If you and the allergy specialist decide that immunotherapy is your best option, you will begin an individually tailored three- to five-year programme of weekly or fortnightly injections – referred to as vac­cinations or ‘allergy shots’ – starting just before the hay fever season commences. The injections are virtually pain-free and carried out in a hospital environment, to enable you to receive swift and proper atten­tion should you experience a life-threatening allergic reaction. You will be introduced to tiny dilute amounts of the problematic substance -called an allergy extract – to which you are known to be allergic; that is, the particular pollens and moulds. Your response is closely monitored for about an hour after the injection. If your response is manageable, progressively larger doses of the allergen are delivered over your next treatments, and this allows your body to adjust to the allergen and see it as less of a threat – this process is called desensitization. The eventual aim is for the severity of symptoms to be reduced, hopefully drastically and for many years to come. If you miss appointments, however, the dose of the next injection will require modification and consequently the total length of the programme will be extended.

When the injections are administered by an expert, side effects are rare. However, temporary swelling or itchiness at the site – known as allergen resistance – is occasionally experienced. If this happens, you are likely to be offered an antihistamine shortly before the next injec­tion is due.
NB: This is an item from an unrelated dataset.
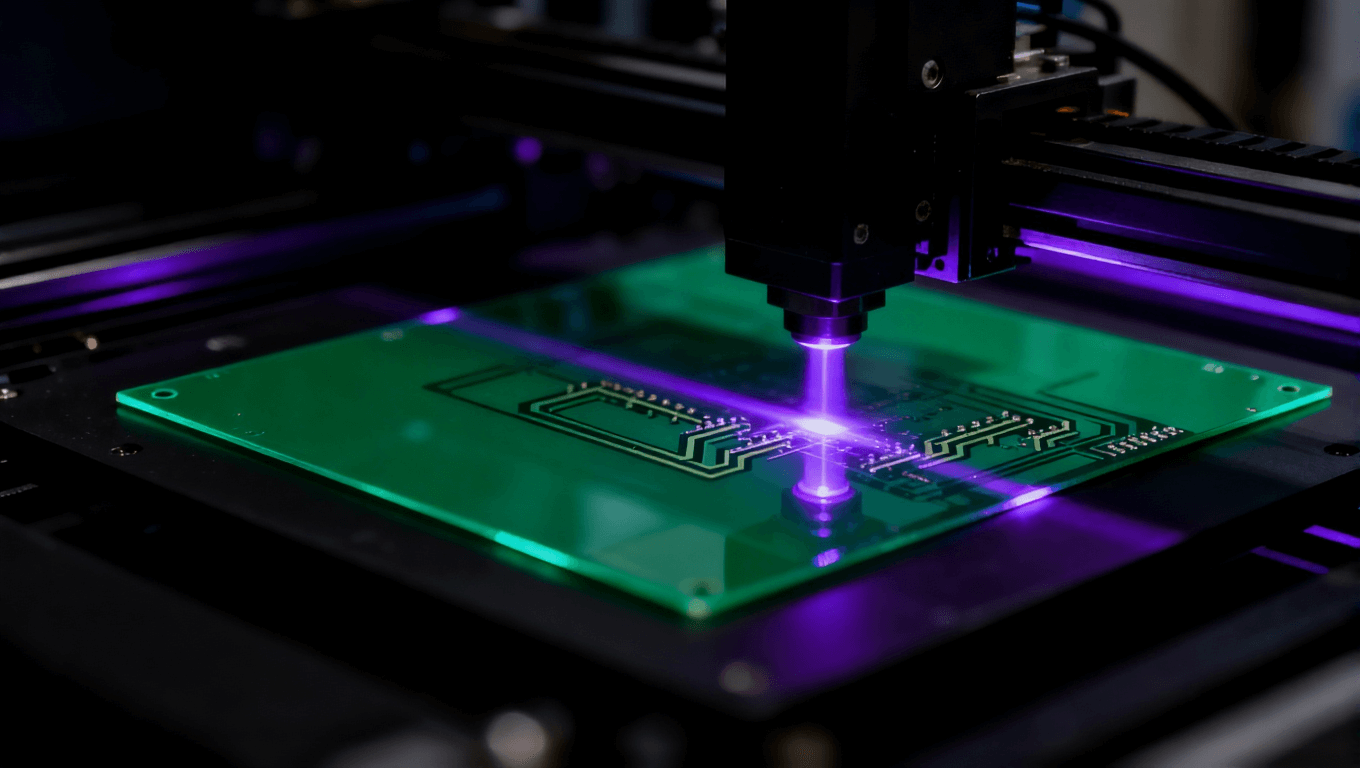 LDI激光直接成像设备在PCB阻焊层上进行精准曝光的瞬间.png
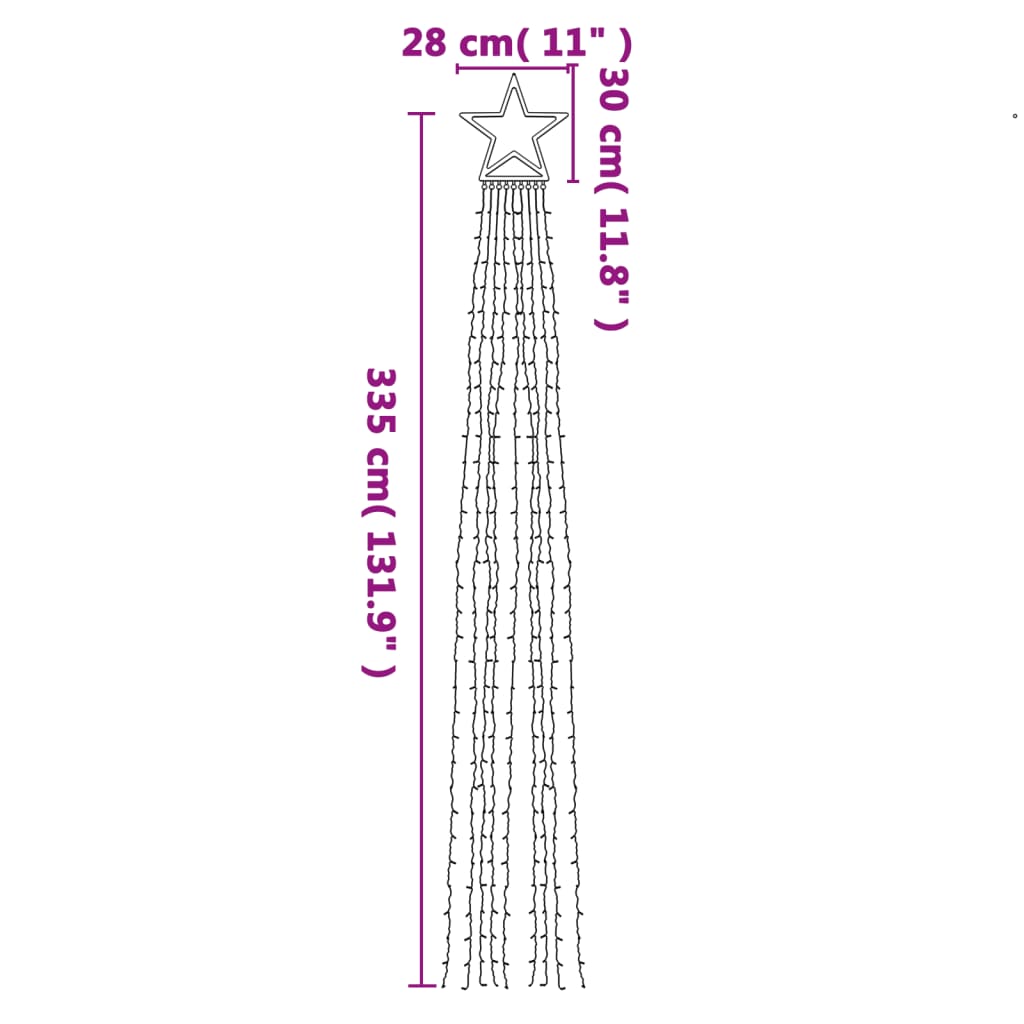 hideg fehér 320 LED-es karácsonyfafüzér 375 cm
In a range of studies, immunotherapy has exhibited its ability to give long-term benefits for existing allergies. It has also been shown to be capable of modifying the development of any new allergies and even of reducing the risk of developing asthma. However, this treatment is not an absolute cure, it does not offer benefit for everyone and for some people it is effective to only a very small degree. Still, most people who have undergone immunotherapy find that their symptoms are more bearable and also more responsive to other treatments. Some even find that it allows them eventually to stop taking their allergy medication.

International guidelines on injection immunotherapy, revised in 2007, confirmed the clinical efficacy of this technique for treating hay fever and asthma. Provided that the guideline recommendations are adhered to, its safety was also established. Immunotherapy is now seen as a suitable treatment for children with severe hay fever as it also re­duces the risk of asthma onset. Indeed, studies have shown that the earlier in life the treatment begins after an allergy reveals itself, the more chance there is of success.

In the UK, immunotherapy is often a last-resort treatment because of its expense to the National Health Service. However, in the long term both patients and the NHS make savings on the cost of medica­tions. It is to be hoped, therefore, that immunotherapy is soon made more widely available.

Interestingly, there is now a sublingual (placed under the tongue) tablet containing a grass pollen extract that can be taken at home without the need for injections, specialist doctors and medical centres. The tablet appears to be as effective as immunotherapy and has few side effects. It is now being offered to people with asthma who are not suitable candidates for injection immunotherapy.